> INSTRUCTIONS TO FOLLOW
Only the pictures are to be dropped, and the rest of the data should be copied exactly.

> COLLECTED MATERIAL
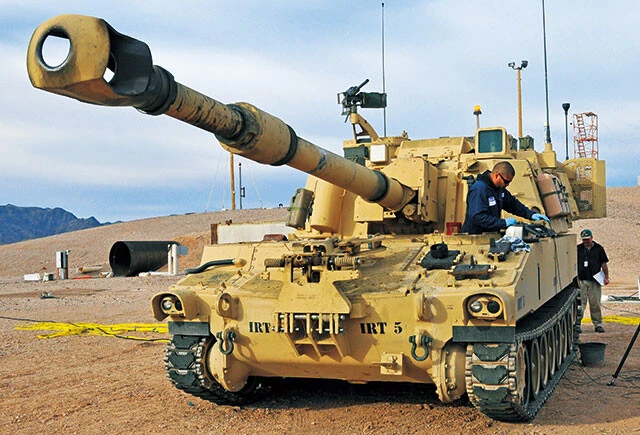 M109 155mm　自走榴弾砲「戦車が前衛なら、これは戦車に随伴する後衛。大口径の155㎜砲で敵陣へ突入する戦車と、その随伴歩兵をサポートするのが役割となります」（照井氏）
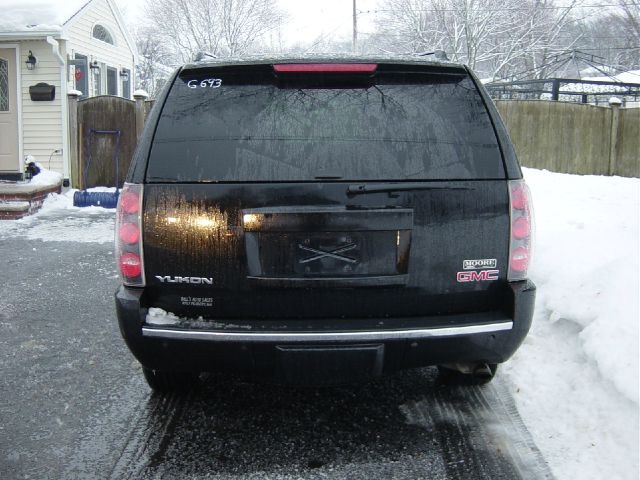 GMC Yukon EX - DUAL Power Doors SUV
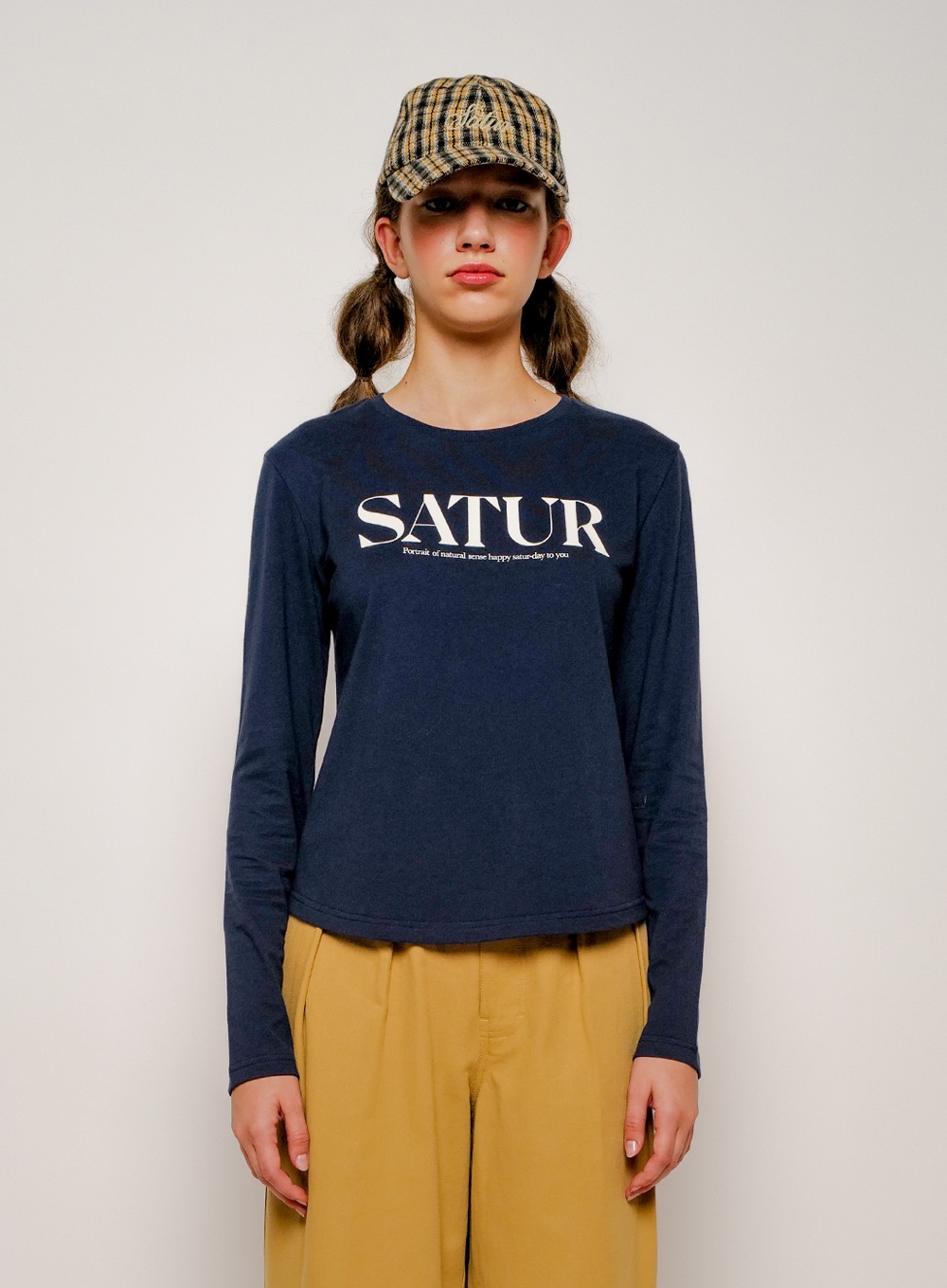 【SATUR】 SIGNATURE LOGO COTTON LONG SLEEVE : CLASSIC NAVY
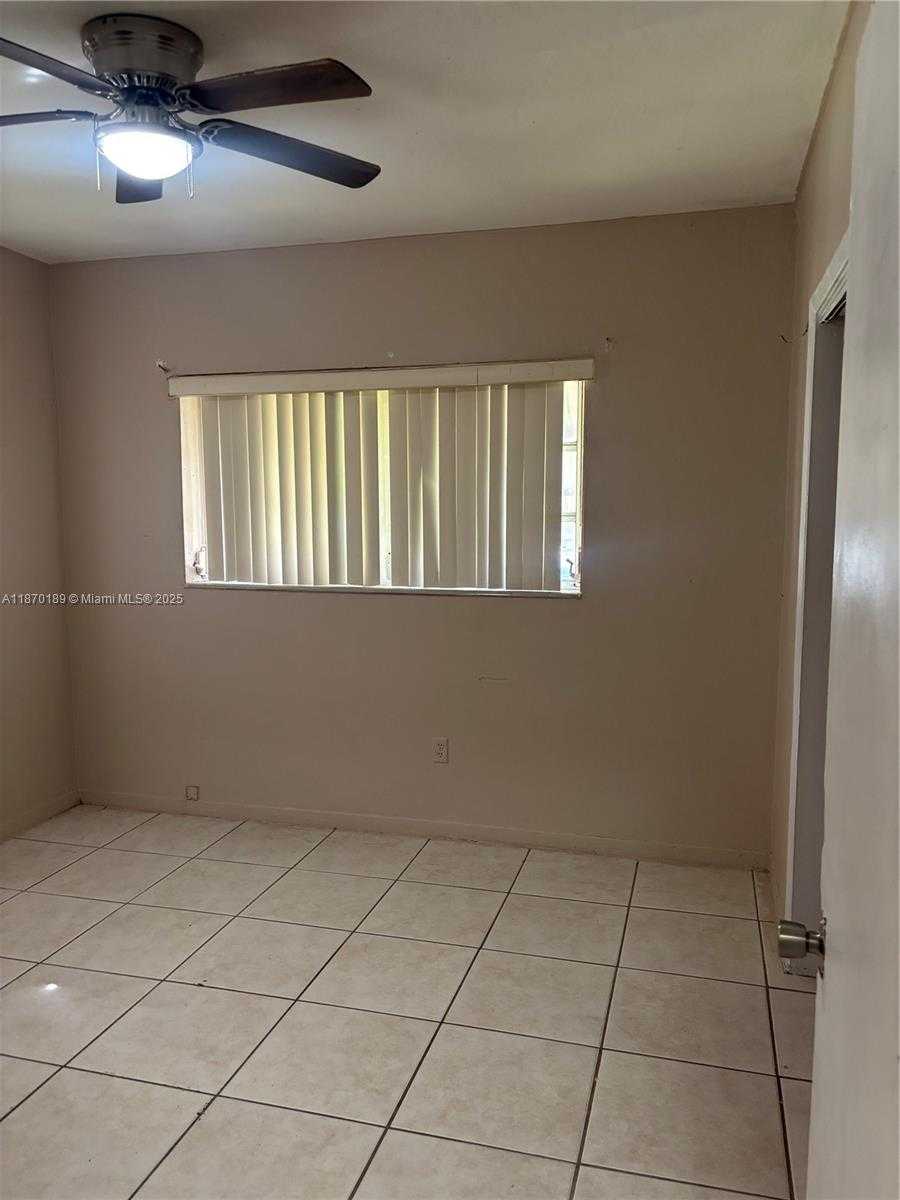 Small Image of 1181 NORTH EAST 154TH TER, North Miami Beach Number 3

> SOLVED EXERCISE
 M109 155mm　自走榴弾砲「戦車が前衛なら、これは戦車に随伴する後衛。大口径の155㎜砲で敵陣へ突入する戦車と、その随伴歩兵をサポートするのが役割となります」（照井氏）
 GMC Yukon EX - DUAL Power Doors SUV
 【SATUR】 SIGNATURE LOGO COTTON LONG SLEEVE : CLASSIC NAVY
 Small Image of 1181 NORTH EAST 154TH TER, North Miami Beach Number 3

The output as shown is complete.